We then performed a series of deuterium labeling studies. Treatment of the deuterated cyclopropane 146-d with TBAF at −60 °C for 10 min resulted in the formation of the mono-deuterated 1,4-dihydroquinoline 147-d1 (90% D incorporation), which was further converted into the deuterated product 62-d with 20% D incorporation at the carbonyl carbon and 70% D retention at the C4-position. This result suggests that deuterium atoms in 146-d1 are perfectly retained in 62-d and hydrogen atoms transfer to carbonyl carbon preferentially over deuterium atoms. Bis-deuterated 1,4-dihydroquinoline 147-d2 (65% D incorporation) was isolated in 92% yield by treating 146-d with TBAF/D2O at −60 °C for 10 min. The cross-over experiment of deuterated 147-d2 and non-deuterated 149 afforded bis-deuterated compound 62-d and non-deuterated 56-d (Fig. 5b). Furthermore, D incorporation at carbonyl carbon was improved to 74% when using bis-deuterated 1,4-dihydroquinoline with 80% D incorporation (Supplementary Fig. 8). These results indicate that the aldehyde hydrogen in 56 may derive from the C4-H of the 1,4-dihydroquinoline intermediate, and proceed through a formal intramolecular 1,3-hydrogen shift. Interestingly, treatment of deuterated cyclopropane 150-d with TBAF in THF at 25 °C under a nitrogen atmosphere afforded the deuterated 1,4-dihydroquinoline 151 in NMR 98% yield, with 40% D incorporation at the N1-position and 30% D incorporation at the C4-position, presumably by an imine-enamine tautomerization. Subsequently, 151 could be oxidized by air to give 3-arylquinoline 70-d in 97% yield and with 10% D retention at the C4-position, further suggesting that direct carbon insertion may proceed via oxidative dehydrogenation of 1,4-dihydroquinoline (Fig. 5c). Finally, subjecting trifluoromethyl cyclopropane 152 to the standard reaction conditions but using H218O instead of H2O yielded the 18O-incorporated quinoline-3-carboxaldehyde 56-18O, indicating that the oxygen atom in the aldehyde is derived from water (Fig. 5d).
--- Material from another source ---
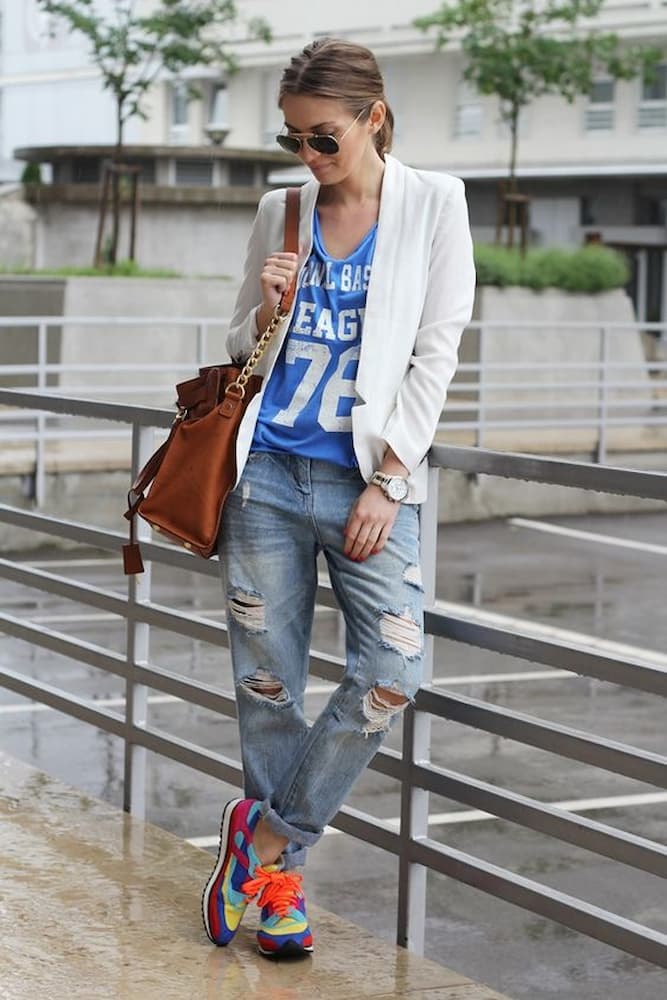 tênis colorido para look com calça jeans camiseta e blazer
Based on these experiments, possible reaction pathways for the C-D editing of indoles with fluoroalkyl carbenes are shown in Fig. 5e. Firstly, [2 + 1] cycloaddition of the indole with the in situ generated fluoroalkyl carbene occurs to form the N-TBS protected cyclopropane intermediate I, which undergoes TBS group deprotection with the assistance of TBAF or CsF. Concurrent or subsequent ring-opening generates the 3,4-dihydroquinoline anion II, which is readily protonated (by water) to furnish the 1,4-dihydroquinoline intermediate IV following imine-enamine tautomerization. From this key intermediate, two reaction pathways are possible, depending on the reaction conditions. Firstly, intermediate IV (R=F) can undergo oxidative aromatization with the strong oxidant DDQ to produce the 3-(trifluoromethyl)quinoline (3) (pathway I). Alternatively, the gem-difluoromethylene intermediate V can be formed by a base-mediated fluoride elimination (pathway II). On the one hand, intermediate V (R=CF3) undergoes a formal 1,3-hydrogen shift to deliver the defluorinated product 37. On the other hand, for intermediate V (R=F), oxa-Michael addition of water occurs to form intermediate VI, followed by HF elimination to generate intermediate VII. As evidenced by the deuterium labeling studies (vide supra), a formal 1,3-hydrogen shift of VII occurs to produce an intermediate VIII, which eliminates another molecule of HF to furnish the quinoline-3-carboxaldehyde product 56.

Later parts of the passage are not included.